Die Unterdrückung der „Freien Universität Bochum“ und die Illegalisierung
eines kommunistischen Jugendverbands in Tschechien

Kapital und Staat greifen zu verschärfter Repression gegen die Jugend

Walter Grobe   31.01.2007     

Der 31. Jan. 2007 ist geprägt von zwei Meldungen aus Deutschland und aus Tschechien, die die Verschärfung des Vorgehens des Staates gegen demokratische Initiativen politisch aktiver und kritischer Jugendlicher zeigen.
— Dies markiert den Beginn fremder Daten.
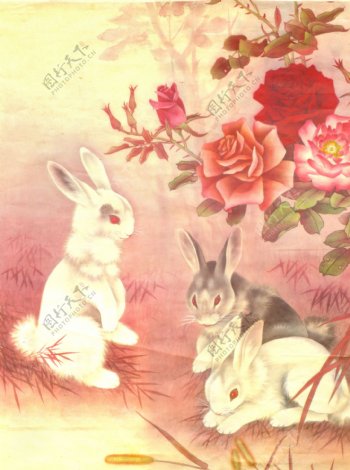 生肖兔国画24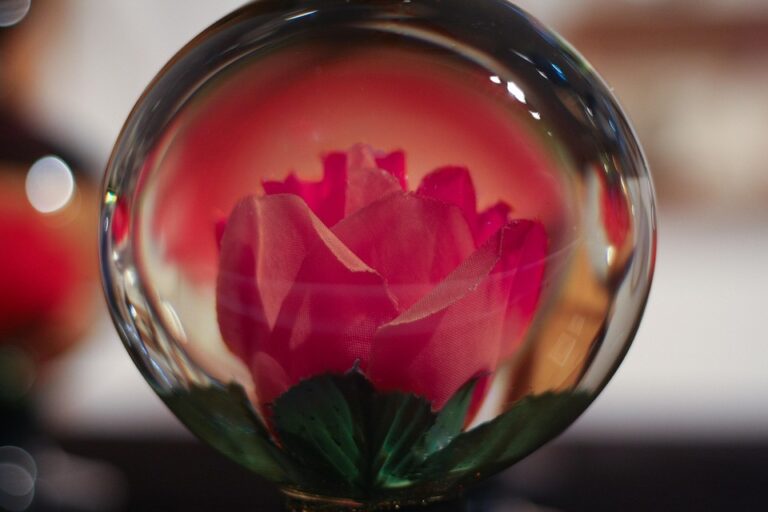 flower gift sets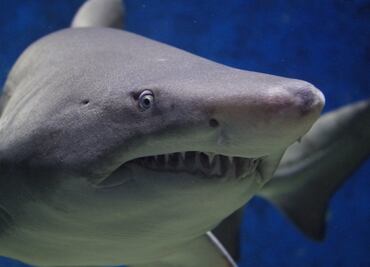 Hombre sobrevive a peligroso ataque de tiburón en playas de California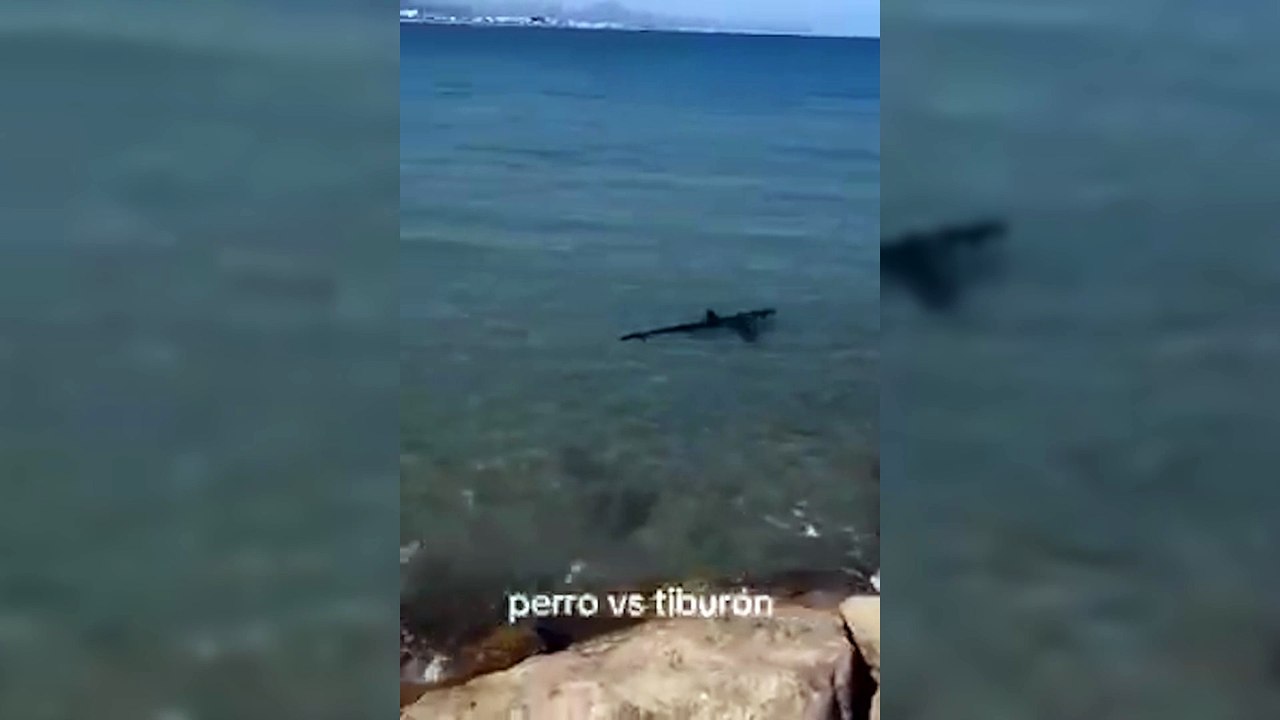 Cachorro morde tubarão e diverte banhistas; horas depois tubarão foi encontrado morto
An der Ruhr-Universität Bochum wurden die Räume der Freien Universität Bochum heute von der Polizei geräumt. Die Freie Universität Bochum ist eine studentische Initiative, die seit einer Reihe von Monaten in leerstehenden Räumen der Ruhr-Universität Bochum ein Zentrum für den Kampf gegen Studiengebühren sowie auch ein Zentrum selbstorganisierter Veranstaltungen zu gesellschaftlichen Grundfragen organisiert hat. Der Einfluß des Kapitalismus auf Hochschulen und Wissenschaft, die politische Ökonomie des Kapitalismus, die Verbindung mit progressiven Bewegungen anderer Länder sowie kulturelle und gesellige Aktivitäten gehören zu den Arbeitsgebieten der Freien Universität Bochum. Zahlreiche Organisationen und Personen auch von außerhalb der Universitäten gehören zu den Unterstützern dieser Initiative im Kampf gegen die schon länger drohende Räumung, so z.B. auch aus Gewerkschaften und Sozialinitiativen.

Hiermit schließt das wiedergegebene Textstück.